__Exercise prompt__. Copy out the entries below exactly as they stand, but only from the line containing "maximizemarketresearch.blogspot.com" through the line containing "Billede 8 - Skoda fabia ny synet".

__Information__.

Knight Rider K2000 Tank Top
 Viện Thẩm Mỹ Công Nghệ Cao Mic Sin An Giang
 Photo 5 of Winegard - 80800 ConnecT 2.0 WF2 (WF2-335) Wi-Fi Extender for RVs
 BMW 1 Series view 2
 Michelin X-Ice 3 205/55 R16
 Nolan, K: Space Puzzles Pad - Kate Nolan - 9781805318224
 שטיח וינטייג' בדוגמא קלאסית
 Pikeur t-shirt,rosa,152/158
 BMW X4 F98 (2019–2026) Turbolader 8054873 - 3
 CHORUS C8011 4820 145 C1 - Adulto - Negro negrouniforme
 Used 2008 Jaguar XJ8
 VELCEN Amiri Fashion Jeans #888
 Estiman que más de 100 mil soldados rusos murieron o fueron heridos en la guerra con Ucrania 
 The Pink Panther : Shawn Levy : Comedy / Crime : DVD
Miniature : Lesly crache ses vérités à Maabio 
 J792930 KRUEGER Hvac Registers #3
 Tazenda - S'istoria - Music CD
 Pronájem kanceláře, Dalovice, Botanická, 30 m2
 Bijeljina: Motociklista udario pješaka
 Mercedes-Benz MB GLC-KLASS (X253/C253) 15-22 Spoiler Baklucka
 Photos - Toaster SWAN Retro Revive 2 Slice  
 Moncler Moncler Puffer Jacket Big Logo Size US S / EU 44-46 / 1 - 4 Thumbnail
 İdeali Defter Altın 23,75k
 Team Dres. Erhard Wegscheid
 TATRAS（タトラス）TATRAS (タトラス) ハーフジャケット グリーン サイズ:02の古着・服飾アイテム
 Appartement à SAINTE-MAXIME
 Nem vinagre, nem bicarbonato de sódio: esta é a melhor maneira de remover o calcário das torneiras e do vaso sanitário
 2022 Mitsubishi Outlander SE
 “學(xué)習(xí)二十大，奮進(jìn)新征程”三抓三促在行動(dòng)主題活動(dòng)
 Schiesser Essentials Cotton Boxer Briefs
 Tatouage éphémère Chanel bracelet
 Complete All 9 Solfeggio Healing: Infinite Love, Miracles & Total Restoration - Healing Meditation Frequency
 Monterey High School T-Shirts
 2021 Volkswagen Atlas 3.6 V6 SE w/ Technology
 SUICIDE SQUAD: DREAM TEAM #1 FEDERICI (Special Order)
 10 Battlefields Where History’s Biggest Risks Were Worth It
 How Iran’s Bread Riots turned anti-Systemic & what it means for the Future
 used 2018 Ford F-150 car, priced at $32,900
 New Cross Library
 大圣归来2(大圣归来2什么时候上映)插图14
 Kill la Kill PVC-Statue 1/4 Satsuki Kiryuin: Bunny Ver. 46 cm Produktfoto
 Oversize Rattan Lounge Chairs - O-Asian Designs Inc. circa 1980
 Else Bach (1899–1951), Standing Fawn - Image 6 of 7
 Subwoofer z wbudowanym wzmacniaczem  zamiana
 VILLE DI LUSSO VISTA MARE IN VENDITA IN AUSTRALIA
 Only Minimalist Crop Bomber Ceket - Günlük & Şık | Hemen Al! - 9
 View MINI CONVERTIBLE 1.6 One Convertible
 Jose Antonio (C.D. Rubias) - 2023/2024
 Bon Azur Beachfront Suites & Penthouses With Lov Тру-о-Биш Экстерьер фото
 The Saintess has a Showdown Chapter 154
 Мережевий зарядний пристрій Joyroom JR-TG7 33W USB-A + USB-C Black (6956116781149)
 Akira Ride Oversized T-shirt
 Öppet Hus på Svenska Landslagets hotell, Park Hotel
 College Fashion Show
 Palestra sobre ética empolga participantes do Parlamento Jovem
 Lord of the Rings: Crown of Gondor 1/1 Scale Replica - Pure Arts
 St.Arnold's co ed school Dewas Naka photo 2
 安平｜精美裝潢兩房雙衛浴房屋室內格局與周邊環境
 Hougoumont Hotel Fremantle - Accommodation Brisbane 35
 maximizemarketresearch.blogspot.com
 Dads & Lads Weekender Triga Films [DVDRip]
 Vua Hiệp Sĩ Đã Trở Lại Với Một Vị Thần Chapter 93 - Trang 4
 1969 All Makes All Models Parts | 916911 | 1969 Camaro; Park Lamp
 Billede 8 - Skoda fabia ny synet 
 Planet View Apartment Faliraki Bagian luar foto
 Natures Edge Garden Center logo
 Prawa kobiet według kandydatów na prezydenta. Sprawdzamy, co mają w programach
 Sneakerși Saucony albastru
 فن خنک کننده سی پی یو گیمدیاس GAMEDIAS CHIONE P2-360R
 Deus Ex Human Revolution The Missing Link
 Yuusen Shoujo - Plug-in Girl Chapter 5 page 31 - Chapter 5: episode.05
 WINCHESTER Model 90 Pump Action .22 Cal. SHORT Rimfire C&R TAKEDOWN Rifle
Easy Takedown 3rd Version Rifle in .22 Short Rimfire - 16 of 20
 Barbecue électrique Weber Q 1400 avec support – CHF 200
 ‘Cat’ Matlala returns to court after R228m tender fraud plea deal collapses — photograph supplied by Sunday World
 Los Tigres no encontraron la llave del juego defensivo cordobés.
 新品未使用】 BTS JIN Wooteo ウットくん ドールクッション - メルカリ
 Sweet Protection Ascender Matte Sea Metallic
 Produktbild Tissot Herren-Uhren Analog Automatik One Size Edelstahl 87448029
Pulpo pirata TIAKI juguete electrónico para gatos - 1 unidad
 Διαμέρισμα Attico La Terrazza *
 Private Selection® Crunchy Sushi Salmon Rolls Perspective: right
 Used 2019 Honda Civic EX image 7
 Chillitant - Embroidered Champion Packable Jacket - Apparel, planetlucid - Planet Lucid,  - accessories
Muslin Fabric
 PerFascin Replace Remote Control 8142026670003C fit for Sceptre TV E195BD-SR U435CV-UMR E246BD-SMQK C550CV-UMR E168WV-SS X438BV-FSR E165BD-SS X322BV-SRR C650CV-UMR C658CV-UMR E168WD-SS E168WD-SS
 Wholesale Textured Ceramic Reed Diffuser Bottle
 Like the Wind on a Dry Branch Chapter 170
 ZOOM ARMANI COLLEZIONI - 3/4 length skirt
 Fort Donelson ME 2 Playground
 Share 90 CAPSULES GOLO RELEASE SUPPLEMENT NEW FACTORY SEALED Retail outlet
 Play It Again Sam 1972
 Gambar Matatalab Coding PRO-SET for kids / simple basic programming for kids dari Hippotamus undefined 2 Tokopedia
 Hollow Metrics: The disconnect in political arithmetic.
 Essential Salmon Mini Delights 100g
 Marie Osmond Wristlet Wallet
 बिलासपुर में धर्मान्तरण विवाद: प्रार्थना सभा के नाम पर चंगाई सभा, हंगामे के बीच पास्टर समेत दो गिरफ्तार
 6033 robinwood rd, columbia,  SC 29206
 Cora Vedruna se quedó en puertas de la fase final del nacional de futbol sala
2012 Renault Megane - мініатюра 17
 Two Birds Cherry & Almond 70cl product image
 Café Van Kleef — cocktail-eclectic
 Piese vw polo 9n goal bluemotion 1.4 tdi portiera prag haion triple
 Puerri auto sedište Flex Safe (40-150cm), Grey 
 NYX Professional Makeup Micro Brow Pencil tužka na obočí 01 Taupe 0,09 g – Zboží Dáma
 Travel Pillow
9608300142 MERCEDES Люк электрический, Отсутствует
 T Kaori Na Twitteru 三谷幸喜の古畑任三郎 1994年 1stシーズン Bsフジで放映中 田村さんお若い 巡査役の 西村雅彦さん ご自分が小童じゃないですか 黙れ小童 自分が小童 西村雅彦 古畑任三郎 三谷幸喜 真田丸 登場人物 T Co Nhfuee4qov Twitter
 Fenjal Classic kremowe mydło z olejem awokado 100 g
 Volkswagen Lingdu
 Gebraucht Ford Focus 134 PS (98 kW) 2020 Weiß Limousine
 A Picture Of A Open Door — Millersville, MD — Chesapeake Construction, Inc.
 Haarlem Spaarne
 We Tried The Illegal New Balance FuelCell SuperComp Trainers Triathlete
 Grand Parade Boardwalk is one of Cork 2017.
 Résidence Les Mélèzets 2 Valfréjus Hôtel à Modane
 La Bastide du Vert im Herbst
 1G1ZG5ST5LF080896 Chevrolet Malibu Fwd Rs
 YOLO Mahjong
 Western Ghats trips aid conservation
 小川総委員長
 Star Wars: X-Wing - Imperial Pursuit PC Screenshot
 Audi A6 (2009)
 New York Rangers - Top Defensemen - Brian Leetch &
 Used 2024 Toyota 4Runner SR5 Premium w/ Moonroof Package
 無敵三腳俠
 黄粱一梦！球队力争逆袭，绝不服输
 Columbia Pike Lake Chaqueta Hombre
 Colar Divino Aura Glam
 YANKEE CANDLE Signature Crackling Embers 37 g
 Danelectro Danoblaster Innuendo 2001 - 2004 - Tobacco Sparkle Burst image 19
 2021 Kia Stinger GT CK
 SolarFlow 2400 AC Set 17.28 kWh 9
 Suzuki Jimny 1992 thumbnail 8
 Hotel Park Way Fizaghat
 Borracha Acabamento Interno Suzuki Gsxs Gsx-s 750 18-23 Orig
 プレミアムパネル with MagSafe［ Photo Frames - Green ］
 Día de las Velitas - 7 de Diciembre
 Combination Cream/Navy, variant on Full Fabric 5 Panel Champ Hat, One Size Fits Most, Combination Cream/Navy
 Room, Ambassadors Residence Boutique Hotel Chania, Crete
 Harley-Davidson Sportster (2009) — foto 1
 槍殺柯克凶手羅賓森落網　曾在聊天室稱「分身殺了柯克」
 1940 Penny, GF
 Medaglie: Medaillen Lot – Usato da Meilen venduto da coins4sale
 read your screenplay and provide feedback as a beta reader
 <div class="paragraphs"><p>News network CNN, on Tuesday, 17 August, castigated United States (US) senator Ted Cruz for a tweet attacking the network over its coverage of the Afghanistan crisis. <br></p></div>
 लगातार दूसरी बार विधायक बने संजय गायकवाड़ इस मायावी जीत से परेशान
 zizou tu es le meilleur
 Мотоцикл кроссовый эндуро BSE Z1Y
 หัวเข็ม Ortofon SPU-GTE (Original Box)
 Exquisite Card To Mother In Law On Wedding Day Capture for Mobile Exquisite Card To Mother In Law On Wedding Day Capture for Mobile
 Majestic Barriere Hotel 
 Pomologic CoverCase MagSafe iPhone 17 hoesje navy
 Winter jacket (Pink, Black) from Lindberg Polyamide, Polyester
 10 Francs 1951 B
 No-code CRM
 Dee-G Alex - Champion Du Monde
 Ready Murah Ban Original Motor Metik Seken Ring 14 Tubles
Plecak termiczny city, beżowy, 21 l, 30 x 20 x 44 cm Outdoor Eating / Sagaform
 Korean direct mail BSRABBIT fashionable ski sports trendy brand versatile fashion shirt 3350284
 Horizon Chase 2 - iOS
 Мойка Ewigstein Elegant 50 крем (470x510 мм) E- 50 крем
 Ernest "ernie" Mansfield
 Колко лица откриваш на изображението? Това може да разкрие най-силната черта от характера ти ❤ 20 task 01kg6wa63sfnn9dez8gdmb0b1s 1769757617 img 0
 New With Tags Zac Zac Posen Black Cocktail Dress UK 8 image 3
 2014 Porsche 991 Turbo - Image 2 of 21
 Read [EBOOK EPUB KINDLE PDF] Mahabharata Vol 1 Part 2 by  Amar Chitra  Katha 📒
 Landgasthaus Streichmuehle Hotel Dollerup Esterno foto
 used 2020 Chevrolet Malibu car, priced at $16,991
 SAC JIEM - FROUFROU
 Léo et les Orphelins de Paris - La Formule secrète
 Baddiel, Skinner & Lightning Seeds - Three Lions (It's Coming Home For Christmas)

__Expected output__.
 maximizemarketresearch.blogspot.com
 Dads & Lads Weekender Triga Films [DVDRip]
 Vua Hiệp Sĩ Đã Trở Lại Với Một Vị Thần Chapter 93 - Trang 4
 1969 All Makes All Models Parts | 916911 | 1969 Camaro; Park Lamp
 Billede 8 - Skoda fabia ny synet 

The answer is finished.